Below are some records. Write out the line that contains "腎結(jié)石是怎么引起的？" and all lines after it, exactly, but not the pictures.

> [RECORD SET]:
----
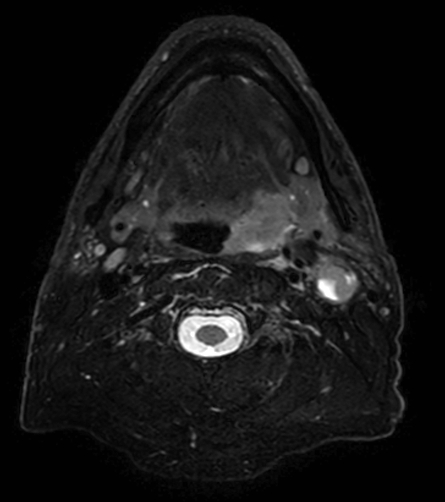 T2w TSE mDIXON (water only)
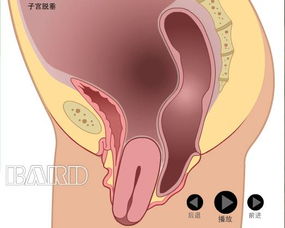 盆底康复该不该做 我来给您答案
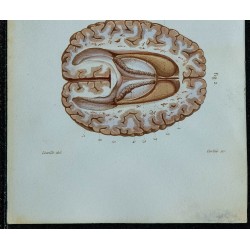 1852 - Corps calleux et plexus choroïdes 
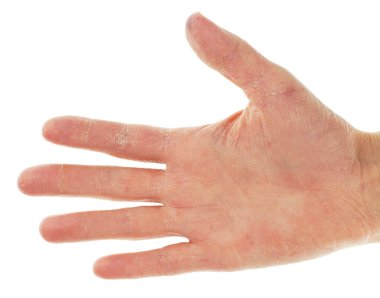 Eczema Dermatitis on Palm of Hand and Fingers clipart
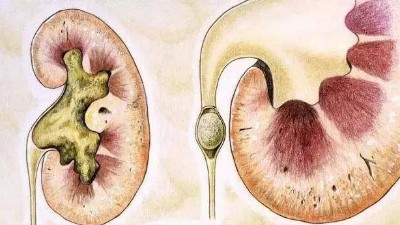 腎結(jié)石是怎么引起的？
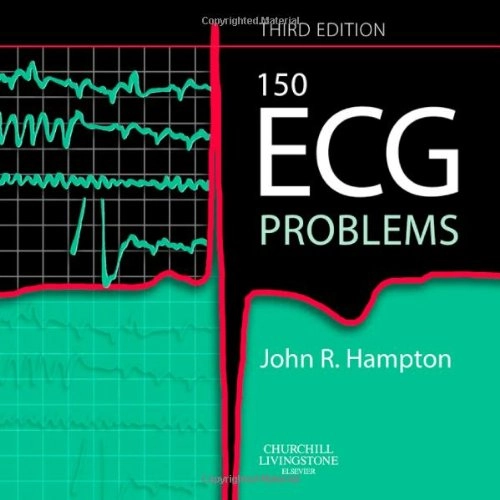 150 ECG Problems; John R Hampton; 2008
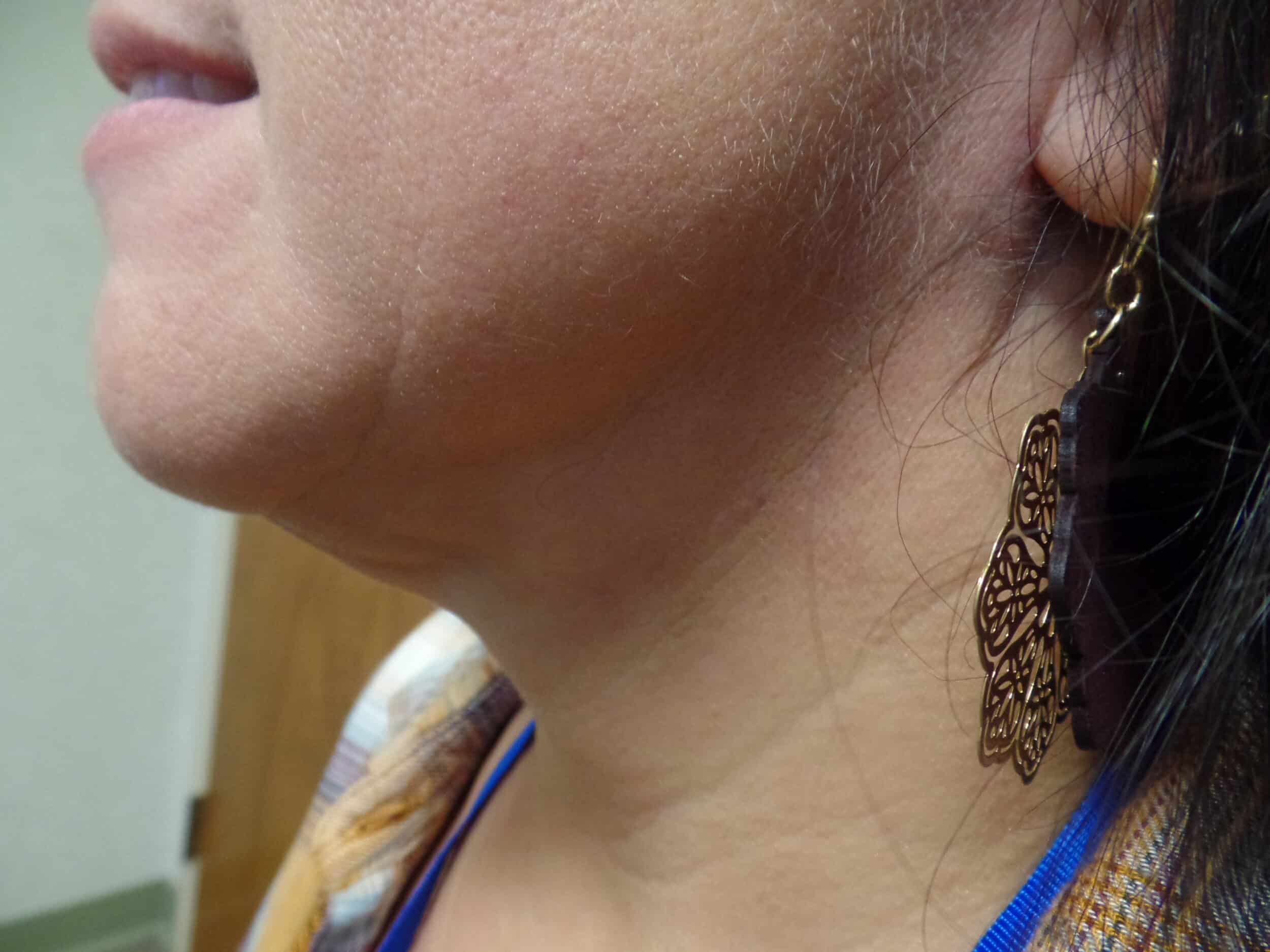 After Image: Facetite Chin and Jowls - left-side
----
> [EXERCISE SOLUTION]:
 腎結(jié)石是怎么引起的？
 150 ECG Problems; John R Hampton; 2008
 After Image: Facetite Chin and Jowls - left-side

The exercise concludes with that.